Me Pierre-Alexandre Boucher pratique comme avocat chez Bélanger Sauvé.
Depuis son assermentation au Barreau du Québec à la fin du mois de juillet 2014, Me Pierre-Alexandre Boucher, pratique comme avocat chez Bélanger Sauvé.

Au sein de l'équipe de droit du travail composée d'une dizaine de professionnels, il apporte son soutien aux autres avocats par le biais de recherches, en intervenant sur des dossiers de litige ou en conseillant des employeurs.

« Je suis encore en apprentissage. Le droit du travail est complexe et vaste, cela prend du temps pour l'apprendre », souligne-t-il.

Étudiant à l'été 2013 au sein du cabinet, Me Boucher y a également effectué son stage du Barreau. Il intervenait alors dans plusieurs secteurs : droit municipal, assurances et droit du travail.

« C'est un domaine qui touche tout le monde ainsi que d'autres droits, comme celui des sociétés, constitutionnel, administratif, et les libertés en général. Lorsque Bélanger Sauvé m'a offert de m'embaucher dans la section de droit du travail, j'ai accepté sans aucune hésitation », confie-t-il.

Durant la course aux stages, il avait choisi ce cabinet car tous ses domaines de pratique l'intéressaient. Il souligne aussi l'atmosphère de travail conviviale entre les collègues faciles d'approche ainsi que l'« excellente réputation » de la firme.

Avant l'obtention en 2013 de son baccalauréat à la section droit civil de la faculté de droit de l'Université d'Ottawa, l'avocat âgé de 33 ans, s'était dirigé vers les sciences. Il est allé jusqu'au doctorat en physique, complété en 2011 dans la même université. Pendant ses études, y compris celles en droit, il a été chargé de cours en physique à l'Université d'Ottawa.

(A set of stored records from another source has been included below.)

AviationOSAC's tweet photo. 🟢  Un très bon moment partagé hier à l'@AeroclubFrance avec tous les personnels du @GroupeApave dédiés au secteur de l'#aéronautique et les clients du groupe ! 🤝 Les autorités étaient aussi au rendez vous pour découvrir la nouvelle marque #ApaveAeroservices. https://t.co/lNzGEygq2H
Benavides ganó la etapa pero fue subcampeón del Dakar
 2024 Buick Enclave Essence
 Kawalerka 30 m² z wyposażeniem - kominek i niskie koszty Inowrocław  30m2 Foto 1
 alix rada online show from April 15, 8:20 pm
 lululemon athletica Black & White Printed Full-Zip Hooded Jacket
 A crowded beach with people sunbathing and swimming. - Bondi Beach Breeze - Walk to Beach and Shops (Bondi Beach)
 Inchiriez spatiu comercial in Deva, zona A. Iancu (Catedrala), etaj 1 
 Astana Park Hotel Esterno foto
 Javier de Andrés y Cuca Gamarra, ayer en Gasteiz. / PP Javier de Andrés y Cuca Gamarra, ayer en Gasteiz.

« Lorsque j'ai commencé mes études en physique, je n'avais pas un objectif aussi précis qu'en droit, là il était clair que je voulais devenir avocat. »

Il faut dire que le jeune homme est entouré de juristes : sa conjointe est notaire, son père avocat chez Boucher & Brochu en Outaouais et sa sœur traductrice juridique.

« Le changement s’est donc fait naturellement. Mais ce n’est pas une cassure et je ne fais pas une croix sur la physique qui demeure un sujet que j'adore. »

Pour lui, les deux domaines nécessitent la « même rigueur intellectuelle, des capacités rédactionnelles et des aptitudes à la recherche. » Il faut savoir en outre « organiser ses idées et comment les présenter pour que l'auditeur puisse les comprendre. »

Brillant étudiant, il a reçu des bourses de plusieurs cabinets de Montréal ainsi que de nombreux prix, dont le Palmarès du Doyen de la faculté de droit à la fin de ses études, la mention Summa Cum Laude, le Prix du Doyen pour son implication au sein de la faculté. En 2013, il a gagné avec son équipe, le Prix du meilleur mémoire au concours de plaidoirie Laskin.